To describe the geometry of the puzzle, we will use row and column indexes. An instance of helper class Coord represents one location in the puzzle as a row index and a column index, both counting from zero. The upper left corner of the puzzle is row 0, column 0.

For various reasons, we'll define a complete ordering relation on Coord instances. This ordering is the usual scan order for European languages: starting in the upper left corner, across the first row, then left to right in the second row, and so on.

We also define a complete ordering for Slot instances. Slots are ordered according to the row and column coordinates of their first cell, with their orientation as a secondary key: if two slots share the same first cell, the horizontal slot is considered before the vertical slot. We define numbers for the two orientations: 0 for horizontal, 1 for vertical.

4.3. Overview of the solution algorithm

Note in the entity-relationship diagram in Section 4.2, “Data structures” that each word is shown as being related to exactly one slot, and vice versa. This is true for the puzzle in a solved state. The problem we have to solve is how to get the puzzle into the solved state—or states, since a poorly-constructed puzzle may have multiple solutions.

Probably the simplest algorithm to implement would be a brute force recursive algorithm. Once we have defined an order for the slots, we would try every word that fits in the first slot, and for each possible choice, recursively call a solver that tries all the options for the next slot, and so forth until we either reach a contradiction (where there are no words that will fit in some slot), or reach a solution state.

For an example of a similar puzzle solver using this technique, see A sudoku solver. For some of the hardest sudoku puzzles, the solution on relatively modern processors may take several minutes.

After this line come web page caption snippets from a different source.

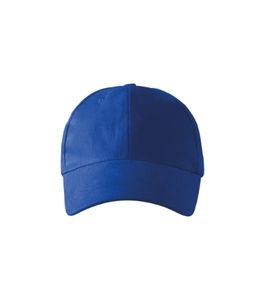 Malfini 305 - 6P Cap unisex Royal Blue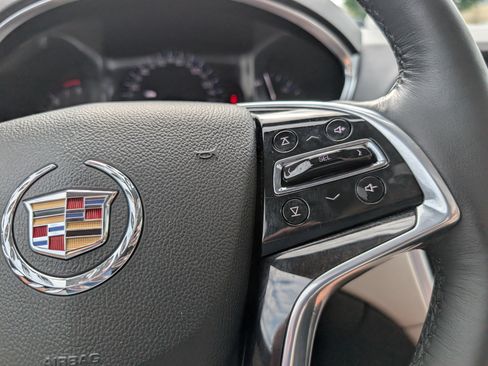 Used 2016 Cadillac SRX Luxury w/ Driver Awareness Package AWD/4WD image 25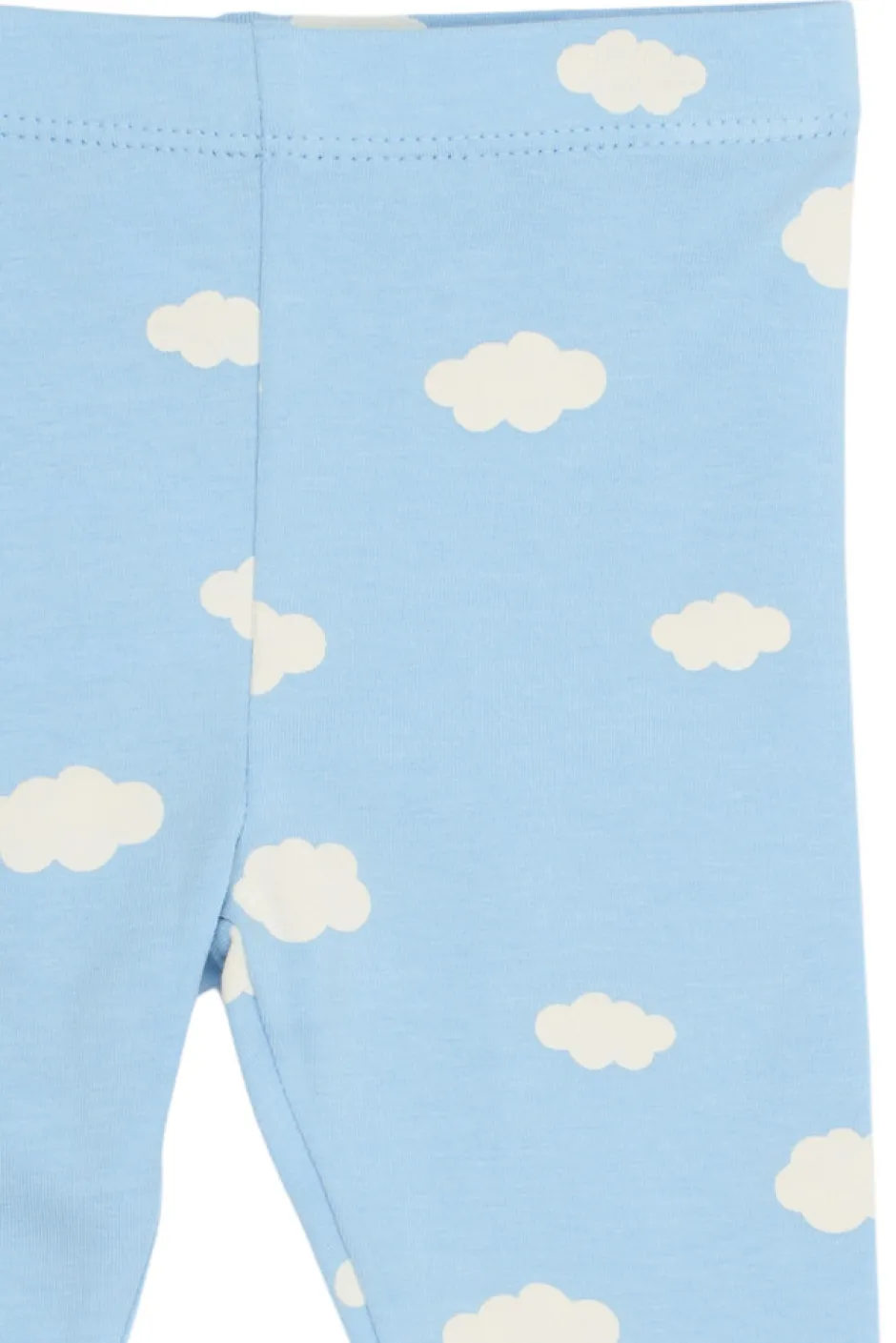 Best Paco Leggings - POWDERBLUE Leggings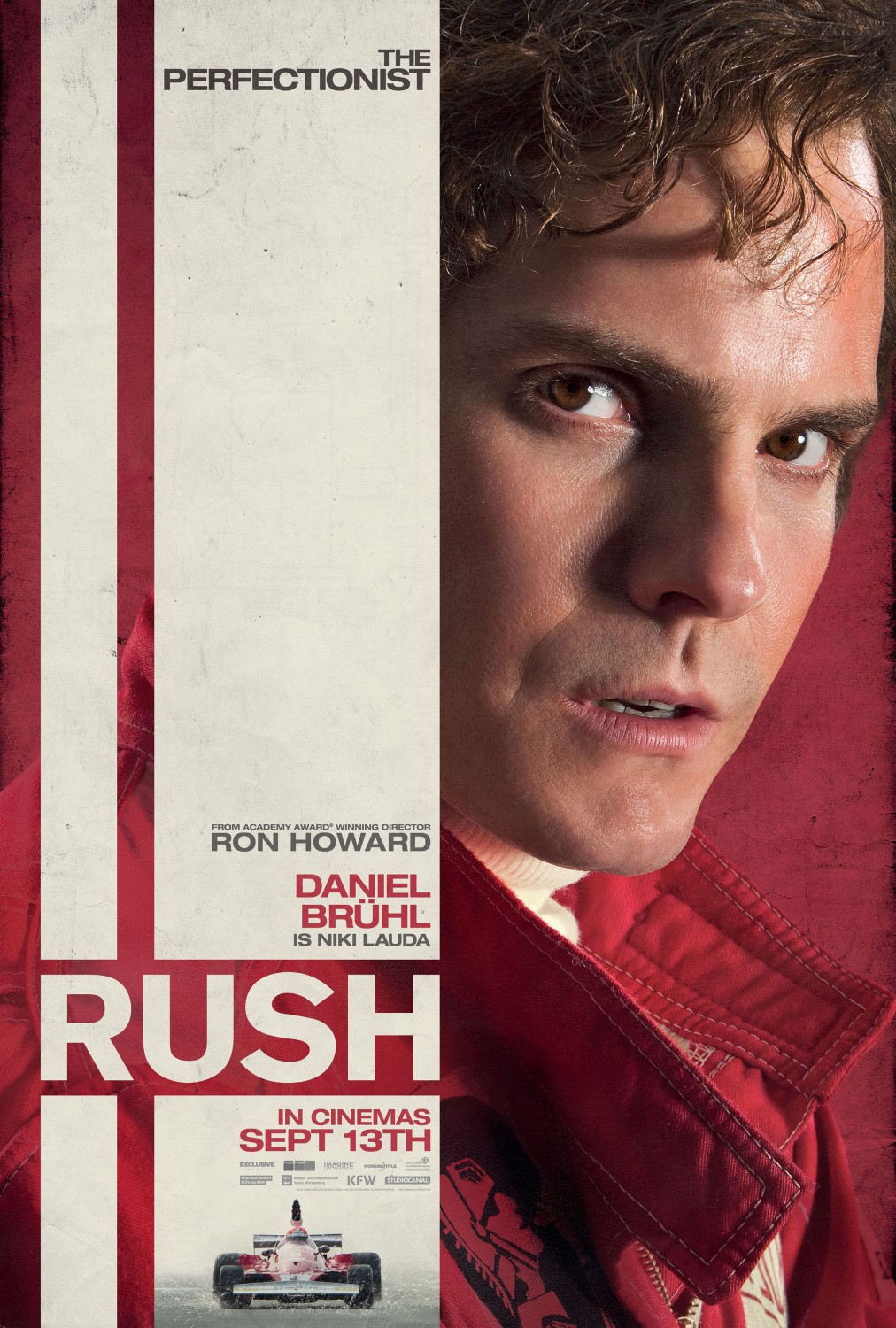 Extra Large Movie Poster Image for Rush (#6 of 14)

Although this is not an impractical interval, the author wished to try for major efficiency gains by reducing the number of candidates for each slot before starting the recursive process. For almost all published puzzles, a technique of cyclic reduction (described below) is sufficient to solve them, but the author has encountered a few expert-level puzzles that cyclic reduction would not solve the puzzle.

The next three sections describe three phases of solution. The goal of the program is to build a data structure representing a solution, that is, it shows only one word for each slot.

4.4. Initialization

The purpose of the initialization phase is to assign to each slot in the puzzle a list of all the possible words that may be used to fill it.

Ignoring for the moment any initial clues provided with the puzzle, the primary criterion for selecting words is their length. So the first step is to associate all three-letter words with each three-letter slot; all four-letter words with each four-letter slot; and so forth.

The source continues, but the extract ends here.